The finest example of the close connection between tender love and rage in Brown’s poetry is found in “Prayer of the Backhanded”: “…God, / Bless the back of my daddy’s hand/ which, holding nothing tightly/ against me and not wrapped/ in leather, eliminated the air/ between itself and my cheek” (8). One can just imagine a helpless little boy, still hiccupping with the remnants of his uncontrollable sobbing, trying to rationalize why the father he loves so dearly would hurt him so much. Even after his father has hit him, giving him “a broken nose…a busted lip… [and a] blazing jaw,” he continues to pray for his daddy. It seems to say that love between a father and son, no matter how damaged, is unconditional.
One of the most interesting elements of this collection of poetry is Brown’s use of persona poems. Throughout the book, he steps into the shoes of various classic characters from “The Wizard of Oz”, including the Scarecrow, Tin Man, and the Lion. In a classroom setting, Brown recently said that he likes the form of his poetry to follow the content. This is illustrated in “Tin Man” (36), as the unusual form has a lot to do with the experience of the character. Made of many small, chopped up parts, this poem can be read across or up and down. With this element, the poem gains more depth with each reading. In one sitting, the first line could read “In my chest/ a slit of air. Don’t say love.” The next time one could choose to read it going down and it could say “In my chest/ Drop a penny. / Cities shine gray. /No green is god…” Nevertheless, the end of the poem reads “I won’t feel/ one damn thing.” Brown could be inferring that we are all “tin men” because that is how the world makes us. We mainly do what we are told, even to the point of destruction at times, until we no longer feel a thing and nothing matters anymore.
Another type of persona Brown takes on is that of famous women in US history, particularly musicians of the 20th century. One such poem is entitled “Track 4: Reflections- as performed by Diana Ross”. As the title points out, Brown is portraying what he thinks Diana Ross would have felt had she written the poem herself. Ross prays, seemingly to become a bigger star; to dazzle the people. She prays with her “head titled backward, / [her] arms stretched/ out and up…” Throughout the poem, Ross finally realizes the power she holds: “Got another #1 and somebody/ Set Detroit on fire. That was power-/ White folks looking at me/ Directly and going blind” (11). This exemplifies Brown’s need to express the history and experience of modern day African-Americans in his own words, projected onto famous and influential people.
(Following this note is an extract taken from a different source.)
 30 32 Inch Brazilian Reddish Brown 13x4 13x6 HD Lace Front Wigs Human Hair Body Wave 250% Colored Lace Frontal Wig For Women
This makes his poetry even more comprehensible to the common reader because we already know these characters.
Jericho Brown brilliantly combines the imaginary and true experiences of the anonymous with the legendary. He makes the reader truly feel the ragged, intimate emotions that flow within each of us, only amplified. I foresee this becoming an indispensible collection of poetry in America, as I predict Brown will become a world-renowned poet of the 21st century.